Menacé d’un vote de défiance, le gouvernement démissionne fin juillet. Le 4 août 2008, deux jours avant le coup d’Etat, 25 députés et 24 sénateurs du parti du Pacte pour la démocratie et le développement, l’un des principaux soutiens de Sidi Ould Cheikh Abdallahi, quittent la formation, privant ainsi le président de sa majorité parlementaire.
Cet acte a-t-il été encouragé par le général Mohamed Ould Abdelaziz, resté à son poste malgré le changement de président, et aujourd’hui accusé d’avoir cherché à renverser le président de manière «constitutionnelle» après que ce dernier ait tenté de l’écarter du pouvoir ? Sur le moment, la menace du vote de défiance plane sur le président, mais la session extraordinaire du Parlement, qui aurait pu permettre de le démettre, est annulée pour vice de forme.
Outrés, plusieurs partis appellent à l’organisation, le 10 août, d’une marche de protestation contre la gestion du pays . Toutefois, dès le 6 août à 7 h du matin, un décret présidentiel est lu à la radio, qui limoge les principaux chefs militaires du pays, dont Mohamed Ould Abdelaziz, responsable de la garde présidentielle, ainsi que les dirigeants de l’Armée nationale, de la Garde nationale et de la gendarmerie. Deux heures plus tard, les concernés prennent le pouvoir par la force.

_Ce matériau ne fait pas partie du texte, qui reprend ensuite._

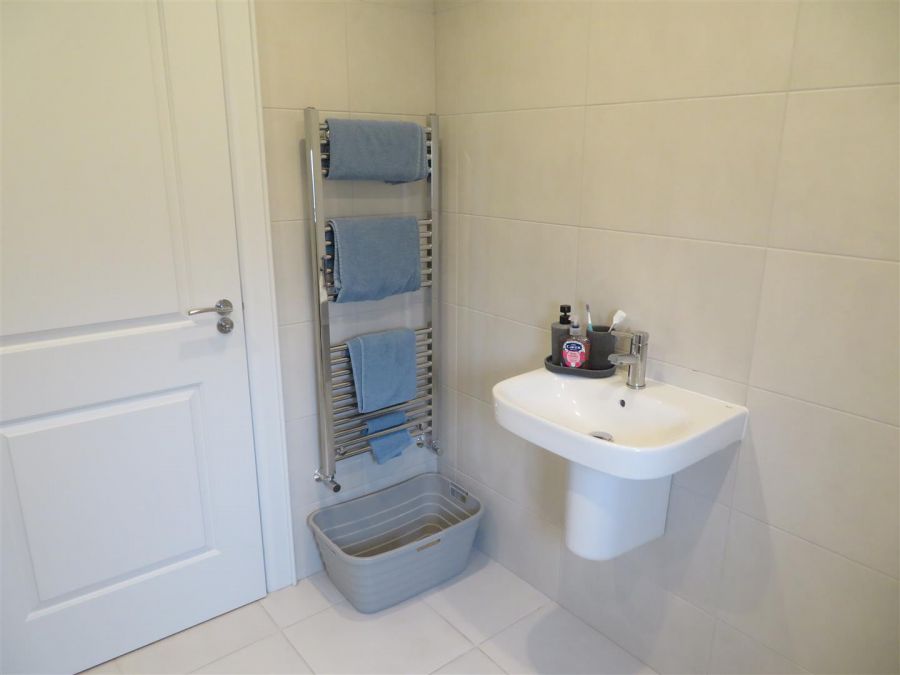 Ground Floor, Apartment 2 24 Foxwood Hall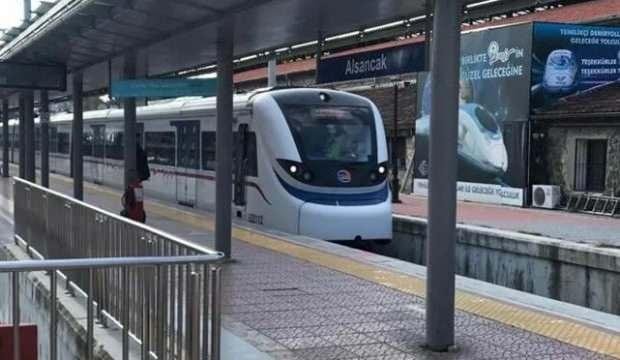 İzmir’de yük treni raydan çıktı! Seferler aksadı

Et maintenant ? Confrontés à leurs premières difficultés, les dirigeants mauritaniens ont vite repris leurs vieilles habitudes. Toutefois, dans un pays où les changements de régime se sont traditionnellement produits à la suite de coups d’Etat, s’agit-il vraiment d’une surprise ?
Bien évidemment, la nouvelle direction du pays a beau montrer patte blanche, la communauté internationale sera nettement moins disposée à fermer l’œil. Après tout, cette fois-ci, le dirigeant déchu du pays n’était pas un dictateur mais un président démocratiquement élu, et sa chute implique un regain d’instabilité dans une région depuis longtemps en proie aux turbulences. Reste à savoir si la situation est encore réversible.